19 Nov 2012 - 10:32 AM  UPDATED 19 Nov 2012 - 12:33 PM

Danish producer Lene Børglum and English director/ cinematographer Larry Smith plan to shoot Trafficker, an Australian movie set in the Vietnamese-run drug world, in Oz next year.

The film will mark the feature directing debut of Smith, who has a very successful career as a commercials director and as a director of photography who worked with the legendary Stanley Kubrick.

Børglum and Smith attended last week's SPAA conference in Melbourne aiming to drum up support from financiers and distributors, and they spent time scouting locations. Børglum (pictured) will co-produce with veteran Aussie producer Sue Milliken, whose credits include The Odd Angry Shot, The Fringe Dwellers, Black Robe and Paradise Road.

The common denominator is Danish writer-director Nicolas Winding Refn, who broke through in Hollywood with Drive, the bleak Ryan Gosling vehicle. Smith has shot three of Refn's films, 2003 thriller Fear X, the 2008 drama Bronson, which starred Tom Hardy as the notorious English criminal, and his latest, Only God Forgives, a crime thriller set in Bangkok, which features Gosling and Kristin Scott Thomas.

Børglum, who spent 15 years with Lars von Trier at Zentropa Entertainments, is partnered with Refn in the production company Space Rocket Nation, which they launched in 2008 after working together on Refn's Valhalla Rising, a Viking-era adventure.

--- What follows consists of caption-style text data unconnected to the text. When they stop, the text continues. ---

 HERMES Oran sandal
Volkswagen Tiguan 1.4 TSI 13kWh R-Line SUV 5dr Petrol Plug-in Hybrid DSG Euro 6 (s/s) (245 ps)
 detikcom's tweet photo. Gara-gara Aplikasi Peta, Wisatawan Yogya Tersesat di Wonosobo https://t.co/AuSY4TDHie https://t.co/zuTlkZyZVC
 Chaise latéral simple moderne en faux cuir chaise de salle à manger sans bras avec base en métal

The script of the Australian movie is by Singaporean Ken Kwek, who wrote The Blue Mansion, a 2009 murder mystery directed by Glen Goei, about a wealthy Asian tycoon who dies suddenly, which Smith photographed. Smith brought the project to Lene, who tells SBS Film, “I only want to do director-driven films.”

Børglum was the first employee at Zentropa when von Trier and Peter Aalbæk Jensen launched the company in 1992 and watched it grow from a two-man show to a European production powerhouse with more than 100 staff.

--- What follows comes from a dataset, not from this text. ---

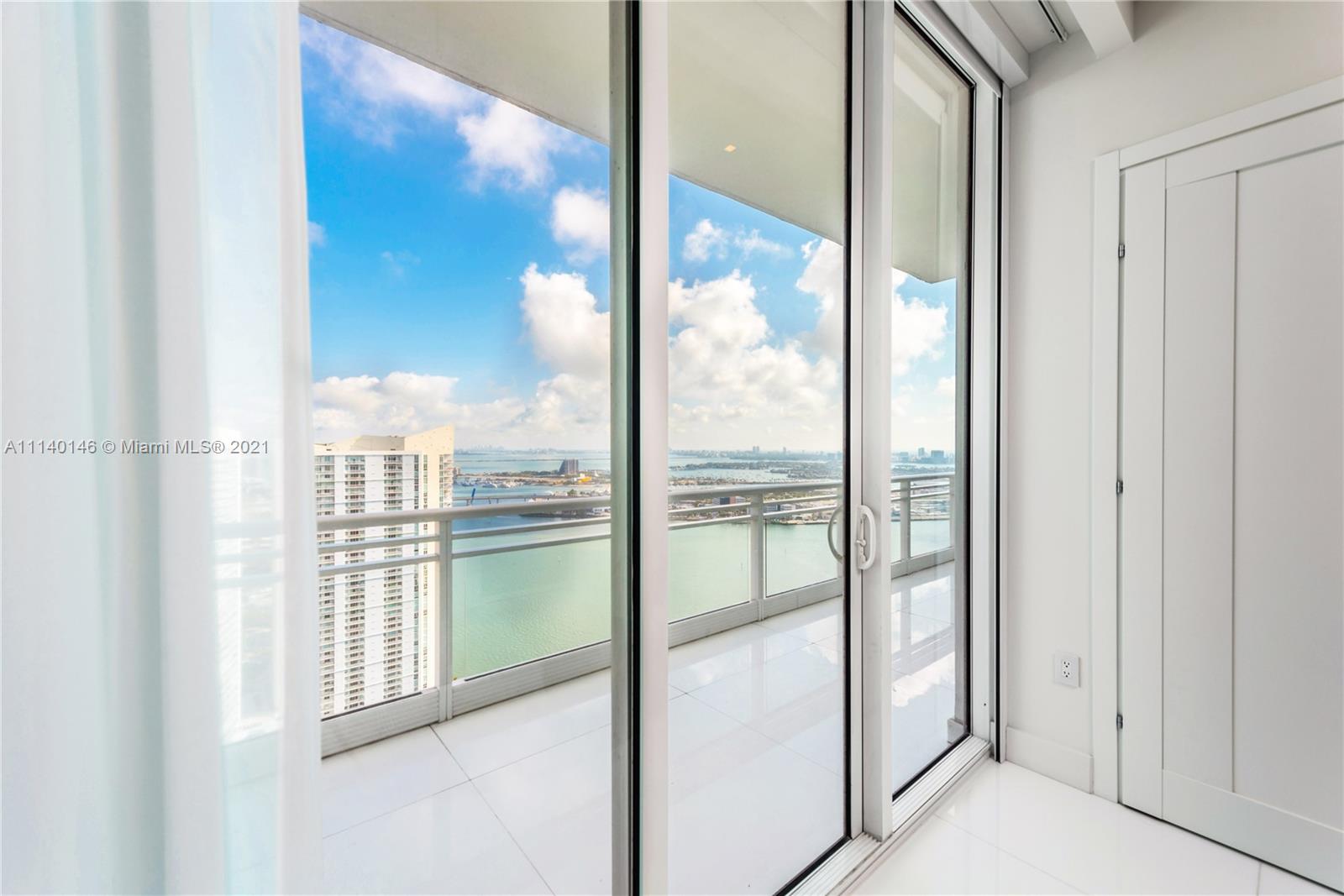 900 Brickell Key Blvd PH3402, Miami, FL 33131, 4 Bedrooms Bedrooms, ,5 BathroomsBathrooms,Residential,For Sale,Brickell Key Blvd,A11140146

The director is widely regarded as an idiosyncratic maverick but she says, “He's a fantastic person. I deeply respect artists who know exactly what they want to do. He has a very clear vision from the beginning, the first draft of the script. He knows exactly what the final version will be.”

She had known Refn for more than 20 years before they decided to team up just after she produced Lukas Moodysson's Mammoth.

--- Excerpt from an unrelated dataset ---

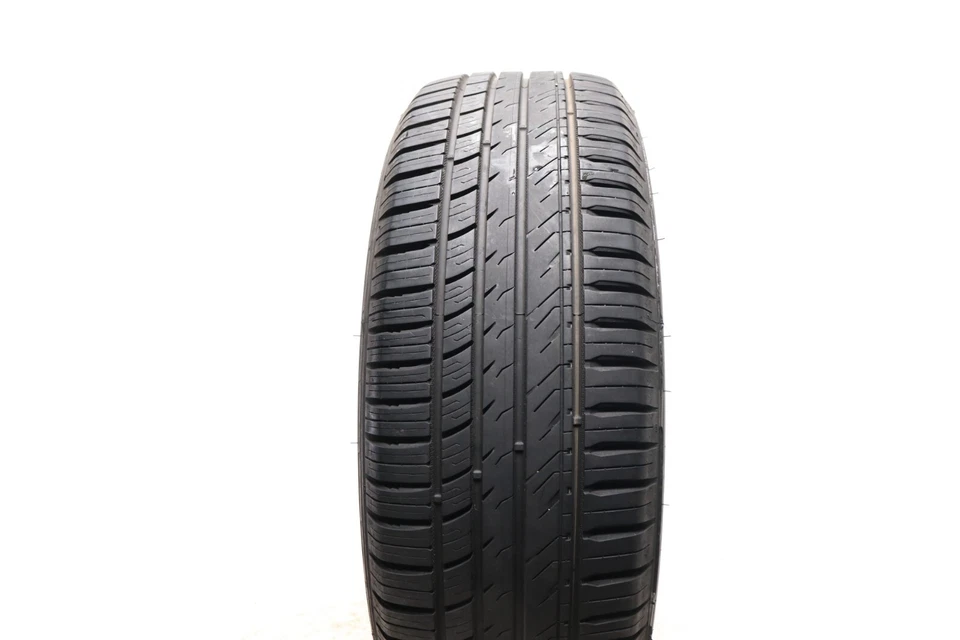 Set of 2 Used 215/60R17 Milestar Weatherguard AS710 Sport - 100T - 7.5-8.5/32 - Image 2 of 4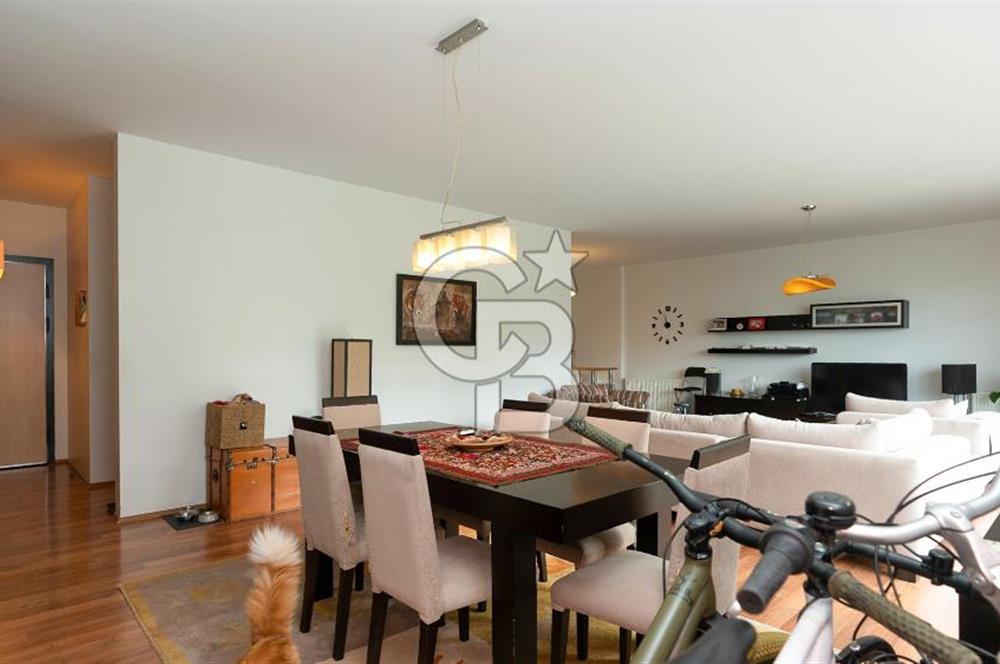 Nar City'de Satılık Deniz ve Orman Manzaralı 4+1 Daire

Smith had the chance to direct several films that were fully financed but turned them down, explaining, “The scripts were compromised by people who think they write and they can't, and producers who think they can cast.”

A couple of years ago he and Lene collaborated on a period film which didn't come to fruition, so he approached Kwek who had shown him the script when they were making The Blue Mansion.

Kwek had tried in vain to get the film made with another director so Smith gave the script to Lene, who agreed to raise the finance and produce under the Space Rocket Nation banner.

He's confident he'll find young actors to play the Vietnamese characters in Australia; looking at those who've appeared in Khoa Do's Footy Legends and Mother Fish would be a good starting point, I suggested. There are also roles for a high-profile actress to play a lawyer and for two male characters.

Smith has just shot Calvary, the saga of a priest battling dark forces starring Brendan Gleeson and Chris O'Dowd, his second effort with Irish writer-director John Michael McDonagh following The Guard.

As an 18-year-old Smith first worked with Kubrick as chief electrician on the 1975 opus Barry Lyndon, a collaboration which lasted 13 years and included The Shining.

After working on other projects Smith was asked by Kubrick to shoot Eyes Wide Shut, the steamy drama which starred Tom Cruise and Nicole Kidman. It turned out to be the director's final film: he died five days after showing Warner Bros. the final cut. As for the infamous orgy scene which Warners digitally altered to get an R rating in the US, Smith says, “We took a long time to do it, as we did with every scene. There were always lots of takes, lots of rehearsals.”